A bottom-up template grammar can contain the special nonterminal symbol error in production right-hand sides. That nonterminal symbol represents a parse error. The nonterminal symbol makes it possible to change the flow of grammar execution on encountering a parse error. The selection of an error nonterminal symbol to handle a parse error must be deterministic.

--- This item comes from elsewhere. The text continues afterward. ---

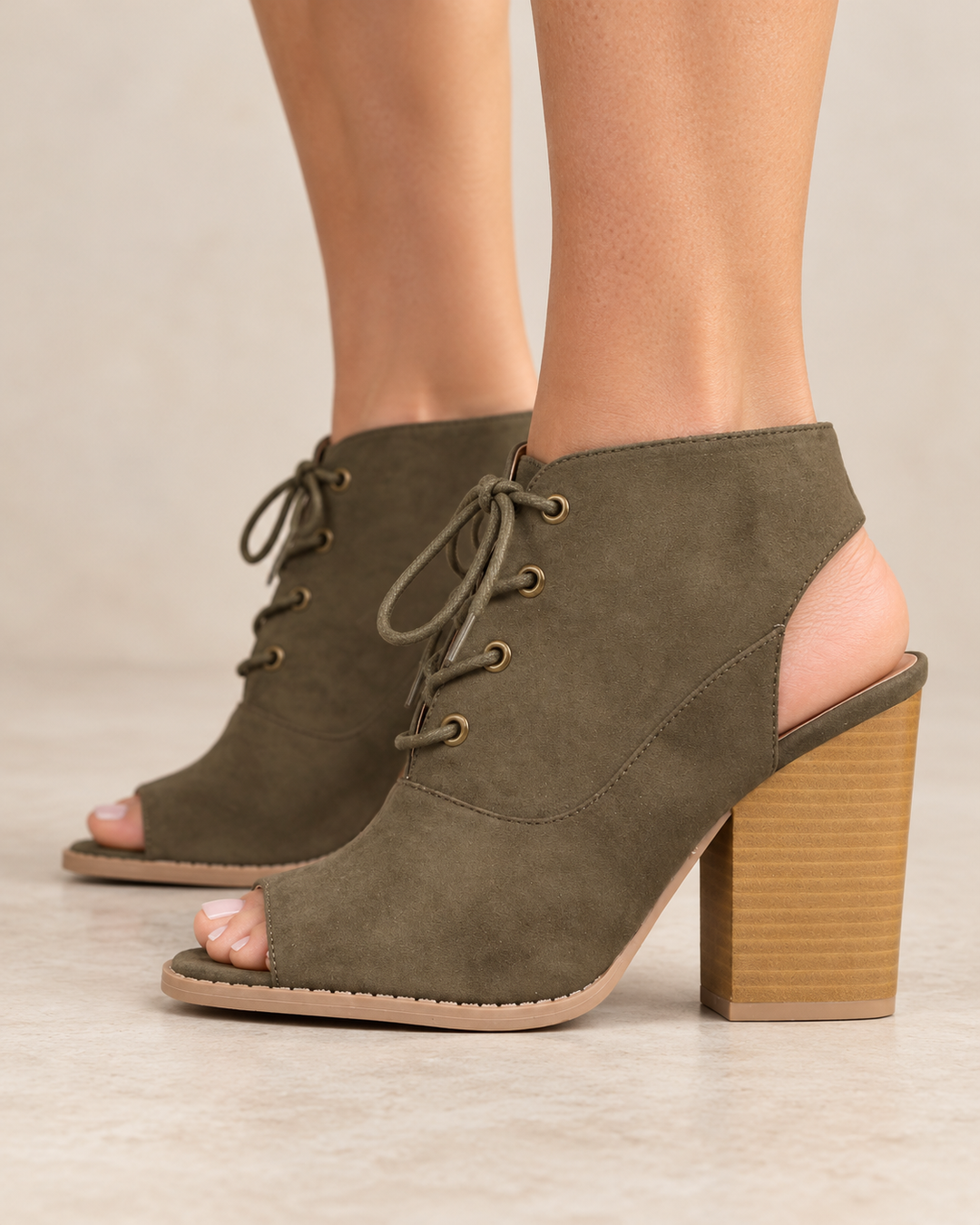 Khaki Adventure lace-up peep-toe booties worn on feet, side view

Note: bottom-up template grammars containing the error nonterminal symbol are for direct processing by the rege-bottom-up tool after optional adding to them a source PCFG production markup by the rege-markup-cfg tool with passing the option --error-nont. The rege-vit tool ignores the error nonterminal symbol.

Example 1

S: A
 | B
 | C
 | error .
;

A: "a" ;

B: "b" "c"
 | "b" "d"
;

C: "c" "c" "c" ;

This grammar consumes any terminal symbol if a training terminal symbol sequence does not start with the terminal symbol "a", "b", and "c" or if a training terminal symbol sequence starts with the terminal symbol "b" not followed by the terminal symbol "c" or "d".

Example 2

S: "a" ( "b"
       | error . .
       )? "c"
;

This grammar is equivalent to the grammar

S: "a" ( "b"
       | [^ "b" "c" ] .
       )? "c"
;

Example 3

S: A* ( error [^ "d" ]* )? "d" ;

A: "a" "b"
 | "a" "c"
;

Normally, this grammar consumes any number of elements ‘( "a" "b" | "a" "c" )’ finalized by "d". If an element does not start with "a" or starts with "a" not followed by "b" or "c" or if a sequence of ‘( "a" "b" | "a" "c" )’ does not end with "d", the grammar consumes terminal symbols until encountering "d".